The Irish Defence Forces lost more than 135,000 days to sick leave last year. Members of the army, naval service and air corps, which have a combined strength of 10,500, took an average 13 sick days each in 2008.

The country’s 8,500 soldiers took the largest amount of time off — 113,956 days — citing ill-health, stress and injury. This was 13.4 days each.

The 1,144 naval service personnel took 10,945 sick days, an average of 9.5 each. The state’s 850 air corps staff took 10,899 sick days, an average of 12.8. The statistics were released under the Freedom of Information Act.

The defence forces said it could not calculate the financial cost of sick leave. Almost all public-sector employers have higher absenteeism rates than the private sector, where the average firm loses 3.5% of its working year.

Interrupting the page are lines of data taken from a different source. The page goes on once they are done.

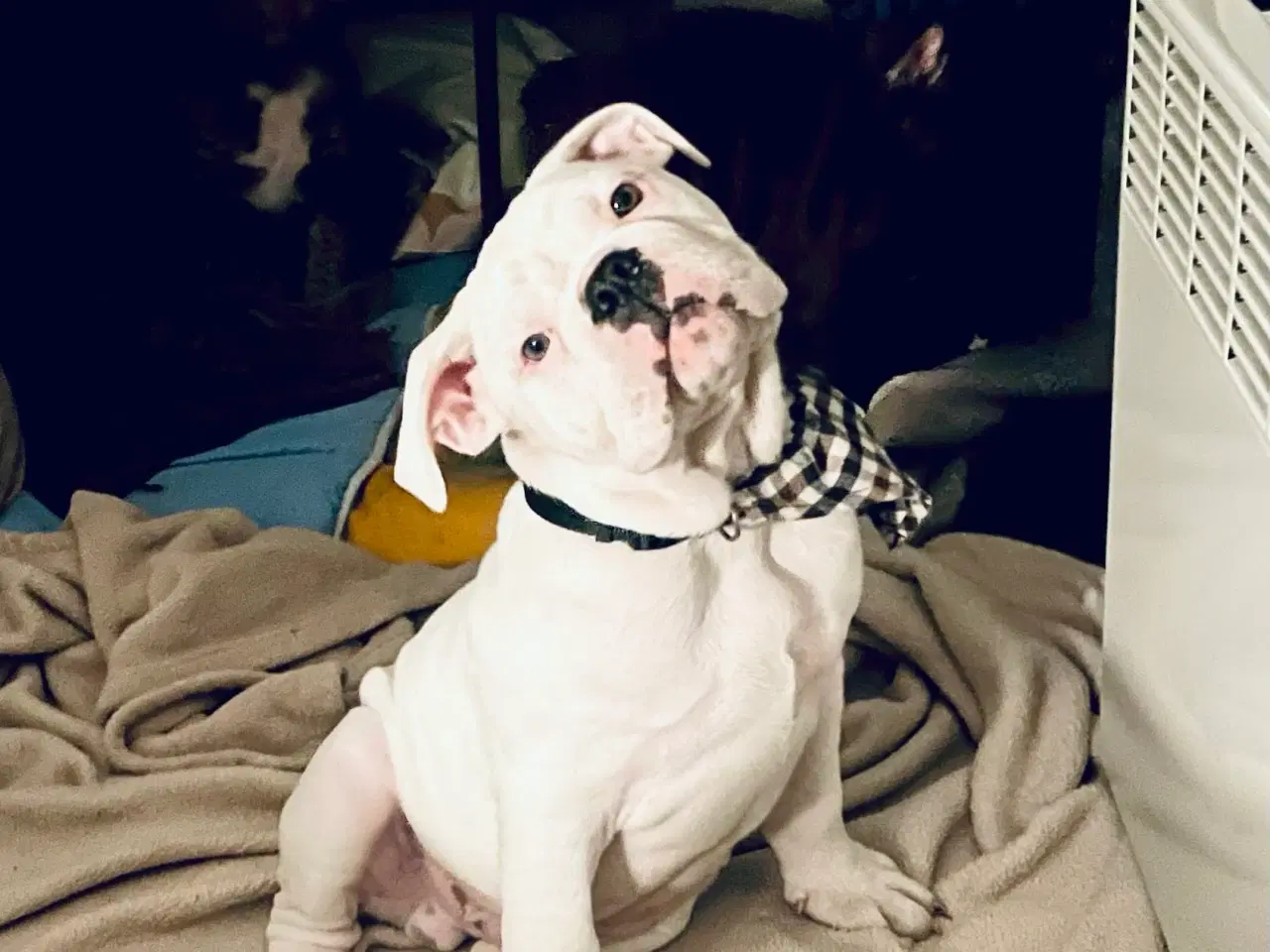 Billede 3 - Olde English bulldog 6 mdr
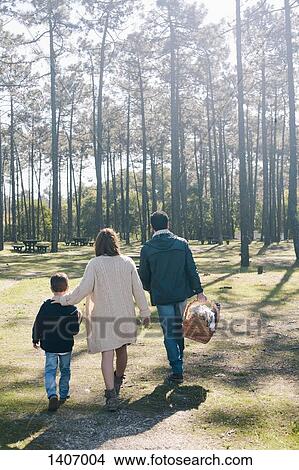 Rear view of family with picnic basket walking in forest View Large Photo Image Picture - Rear view of family with picnic basket walking in forest. Fotosearch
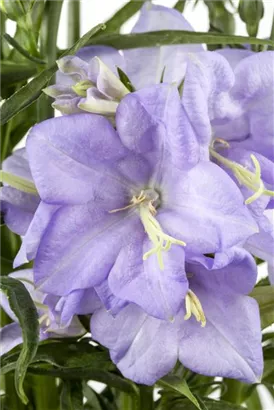 Pfirsichblättrige Garten-Glockenblume - Campanula persicif.'Grandiflora Coerulea'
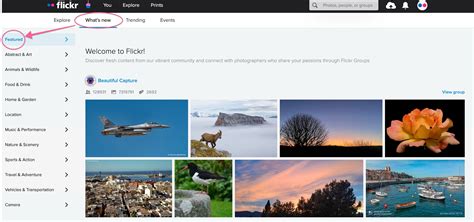Flickr fotómegosztó felület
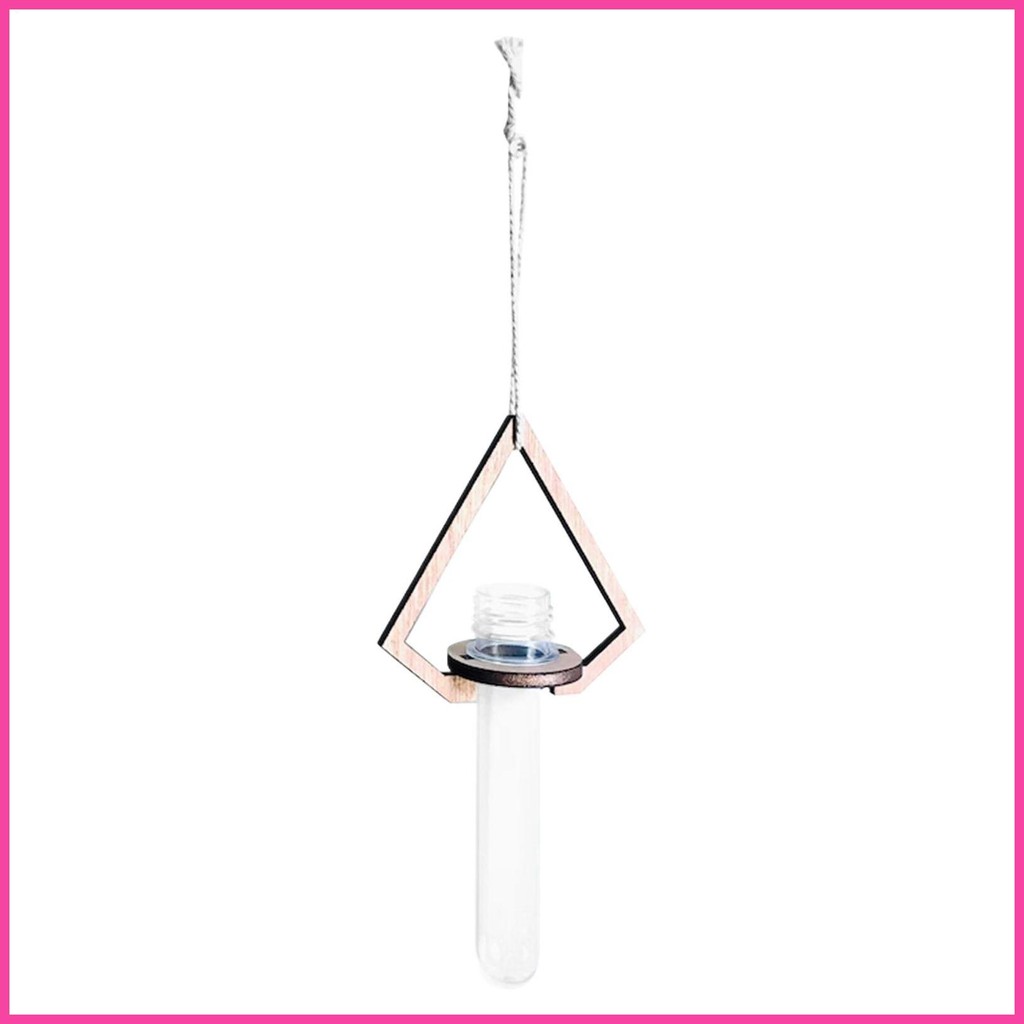 ผู้ถือพืชโฆษณา Wall Planter Propagation Test Tube แจกัน Hydroponic Test Tube Pothos Tillandsia ตกแต่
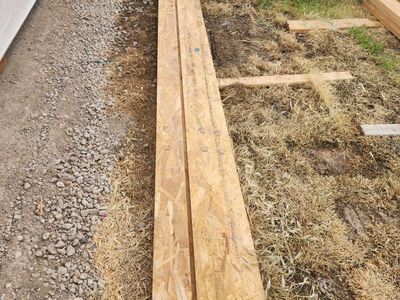 20 foot 2x6 lsl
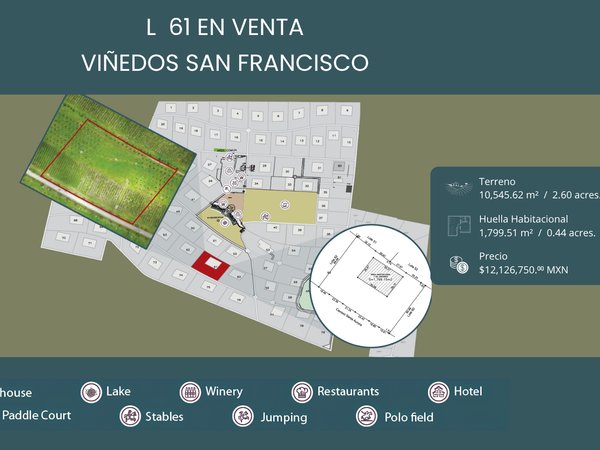 L61 VIÑEDOS SAN FRANCISCO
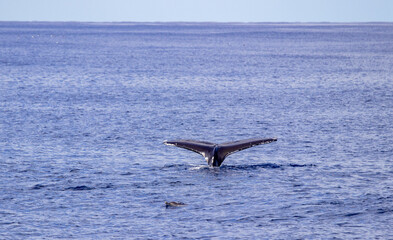 Common dolphin and humpback whale, during boat tour, Azores islands, traveling.
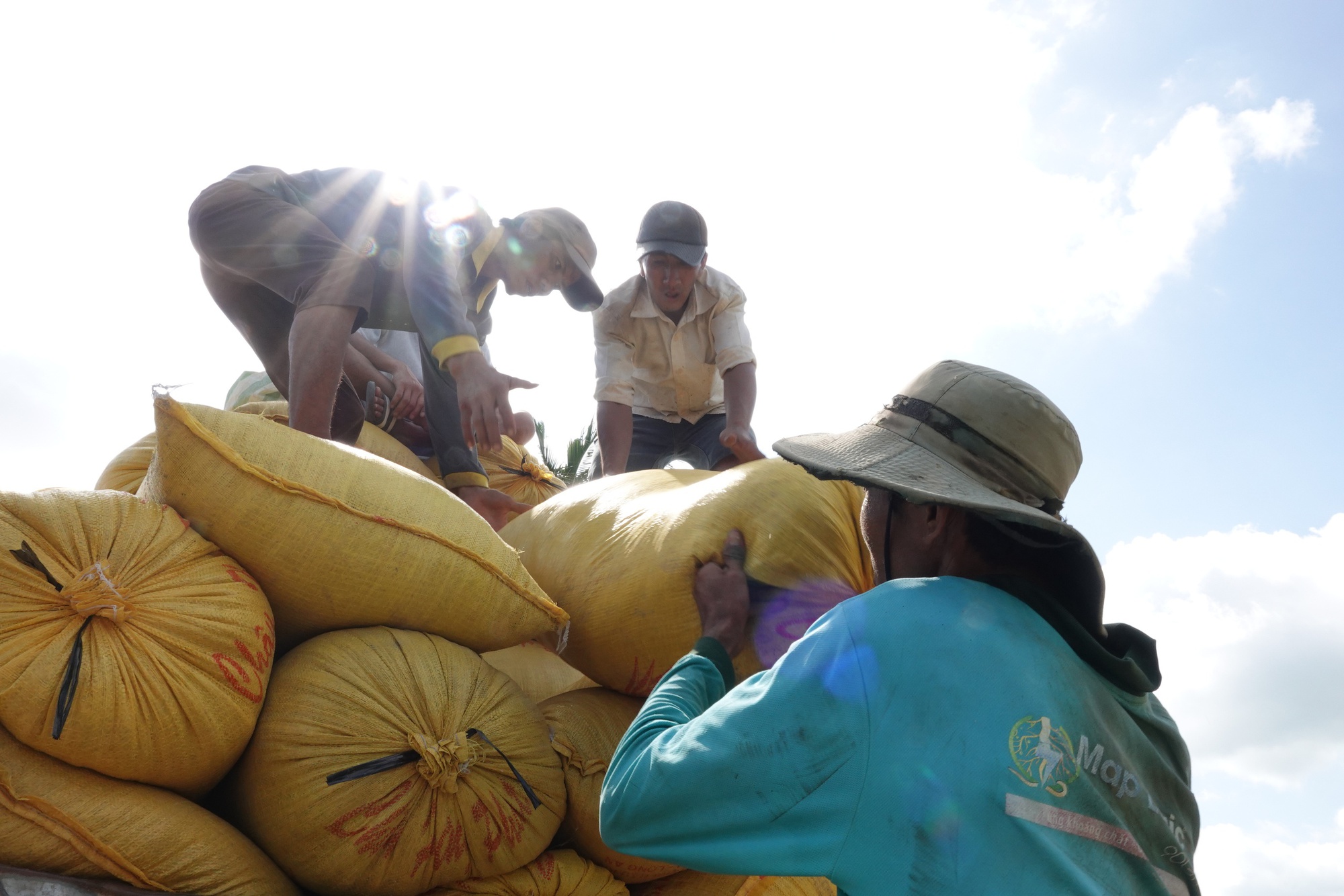 Philippines điều tra tự vệ, gạo Việt có bị ảnh hưởng?- Ảnh 2. Philippines điều tra tự vệ, gạo Việt có bị ảnh hưởng?- Ảnh 2.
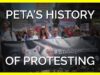 How Years of PETA Protests Have Made Changes for Animals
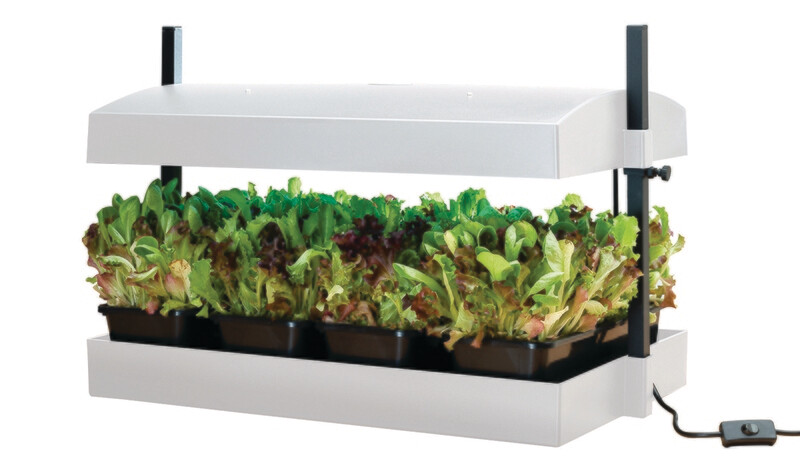 Home Grow System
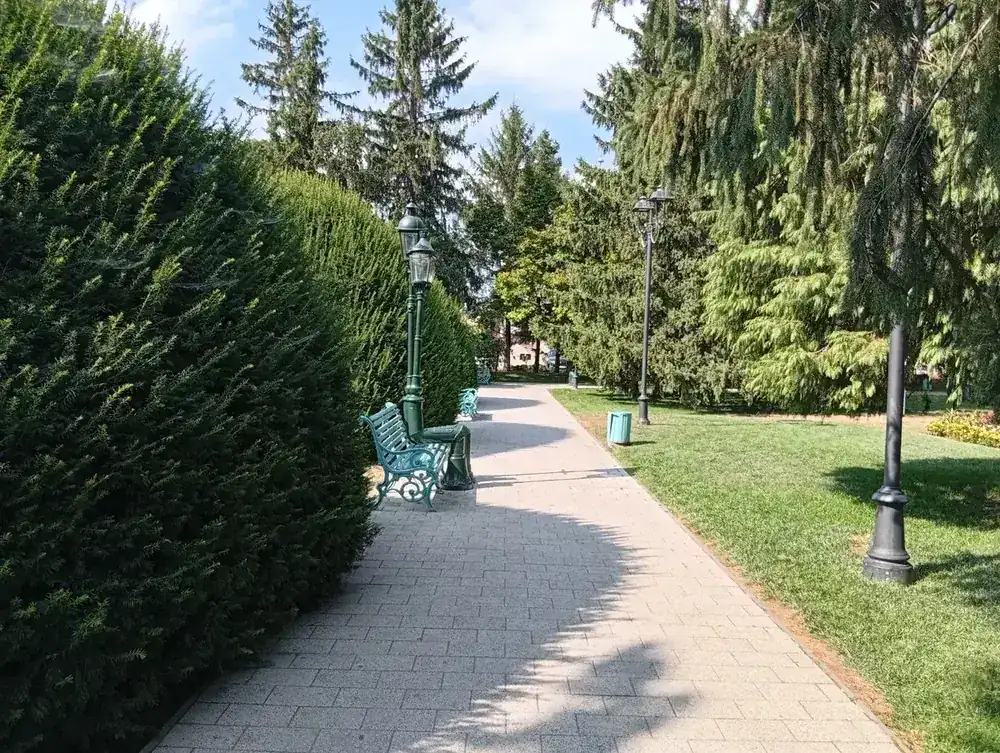 Paved walk between clipped hedges
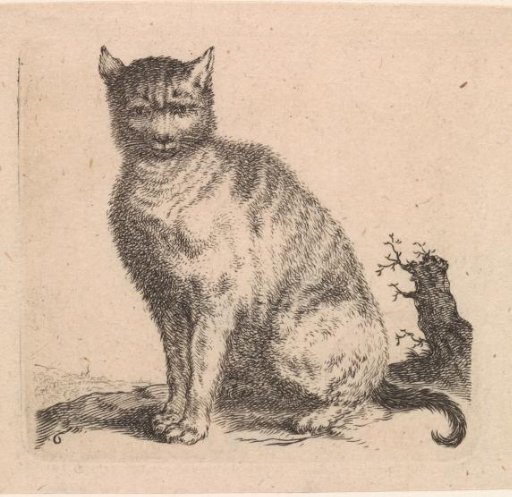Sitting cat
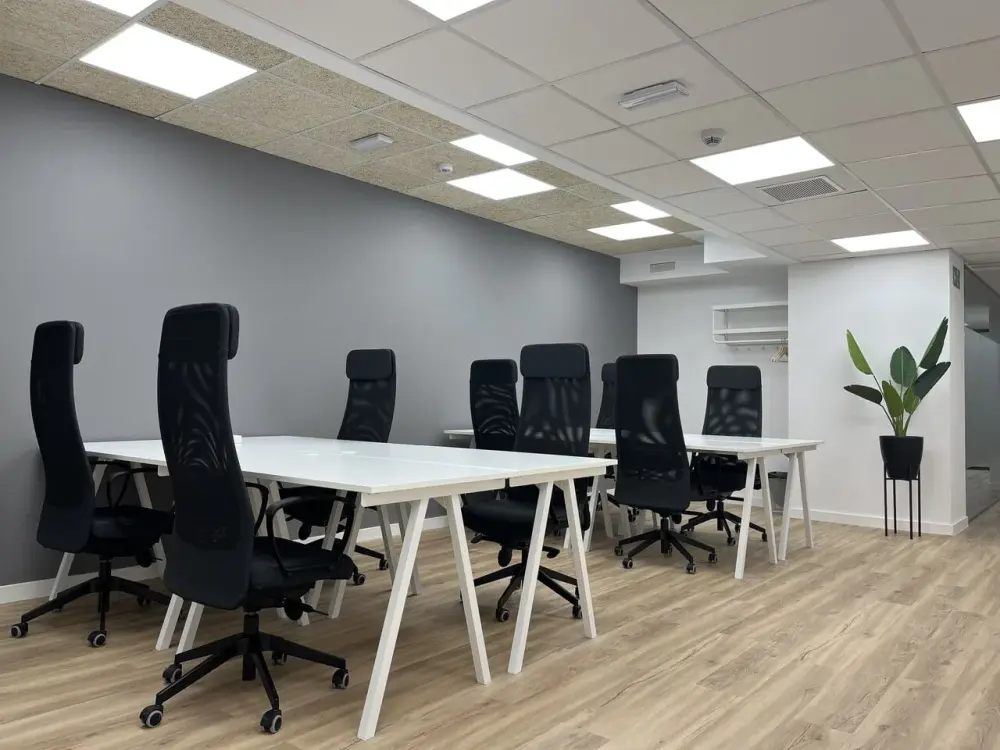 Cink Coworking Condesa de Venadito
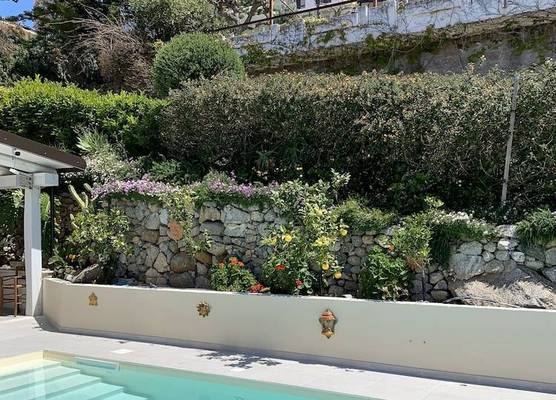 HOTEL MERCURIO SUL MARE - Fish restaurant and private beach 1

The defence forces said most sick leave taken was a result of injuries incurred during training and field-combat exercises. “All members of the Irish Defence Forces participate in field exercises, which can cause injuries due to their nature,” it said. “All members are required to train physically on a continual basis.”

Gerry Rooney, the general secretary of PDFORRA, the defence forces’ union, said the high rate of sick leave was because members of the forces were on duty round the clock. “The work that gardai engage in cannot be compared to the training undertaken by soldiers, who engage in cross-country military exercises,” said Rooney.

Jimmy Deenihan, the Fine Gael spokesman on defence matters, said the sick leave should be examined by Willie O’Dea, the defence minister. “It raises important issues about the welfare of our soldiers and Defence Forces staff,” he said.